**Material for this task:**
________________________
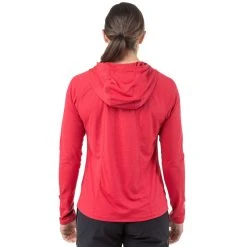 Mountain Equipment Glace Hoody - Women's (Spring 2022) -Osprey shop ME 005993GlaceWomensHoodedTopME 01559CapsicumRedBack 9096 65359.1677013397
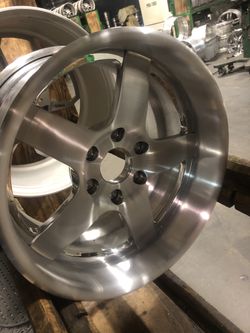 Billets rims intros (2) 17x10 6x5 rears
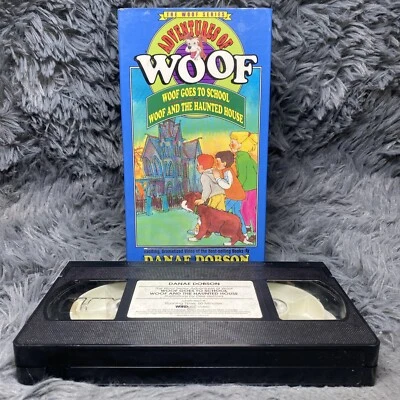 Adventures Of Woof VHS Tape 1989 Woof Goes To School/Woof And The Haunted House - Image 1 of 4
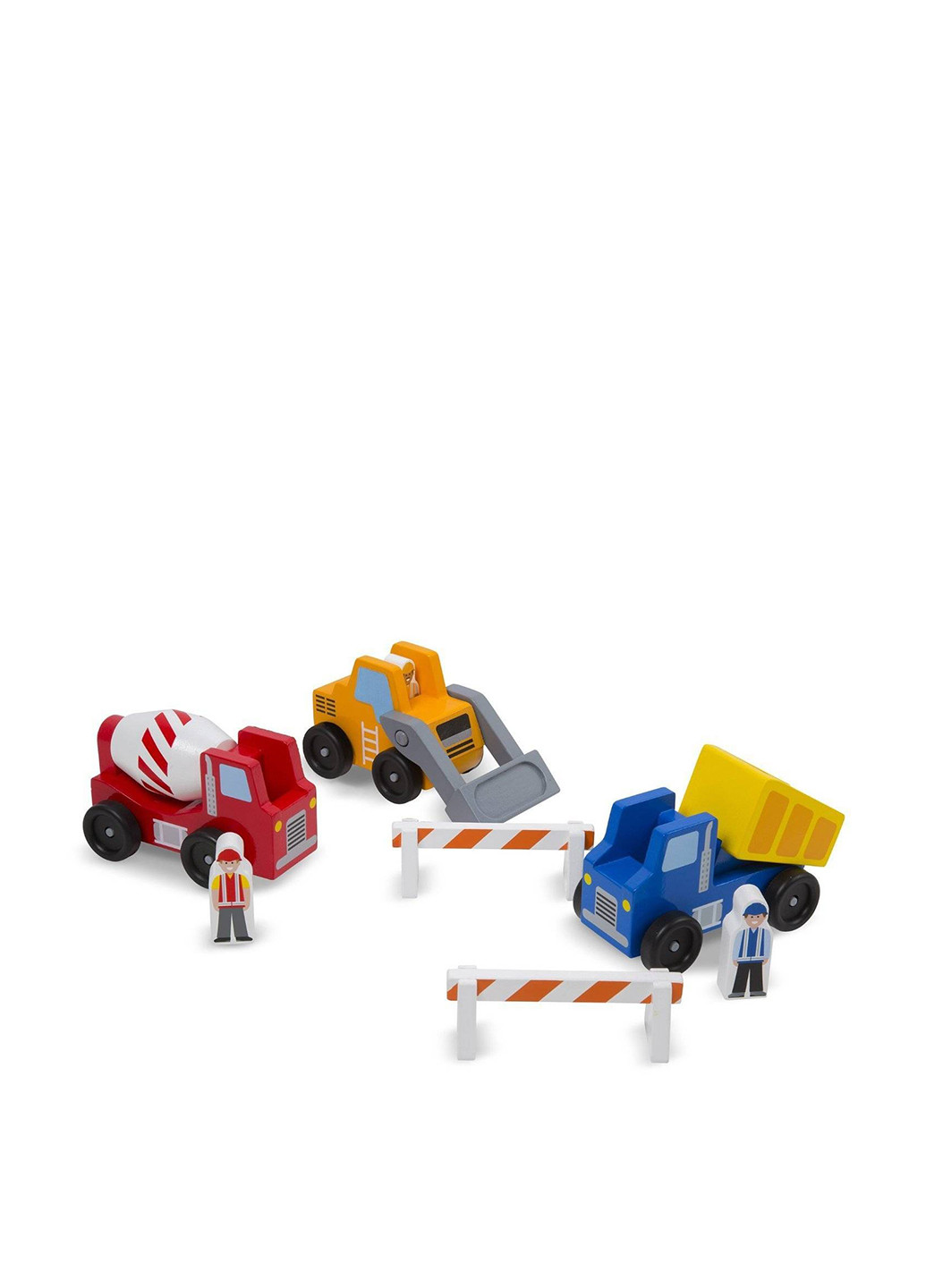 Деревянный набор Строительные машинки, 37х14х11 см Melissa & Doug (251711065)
________________________
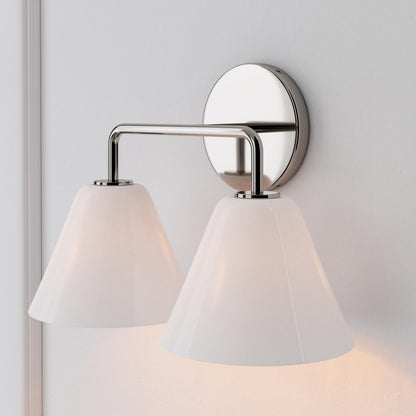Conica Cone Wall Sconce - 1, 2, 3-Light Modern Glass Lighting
________________________
**Task requirements:**
Line for line, output the entries above from the line with "Mountain Equipment Glace" to the line with "Деревянный набор Строительные", both included, and nothing more. Skip pictures.

**Solution:**
 Mountain Equipment Glace Hoody - Women's (Spring 2022) -Osprey shop ME 005993GlaceWomensHoodedTopME 01559CapsicumRedBack 9096 65359.1677013397
 Billets rims intros (2) 17x10 6x5 rears
 Adventures Of Woof VHS Tape 1989 Woof Goes To School/Woof And The Haunted House - Image 1 of 4
 Деревянный набор Строительные машинки, 37х14х11 см Melissa & Doug (251711065)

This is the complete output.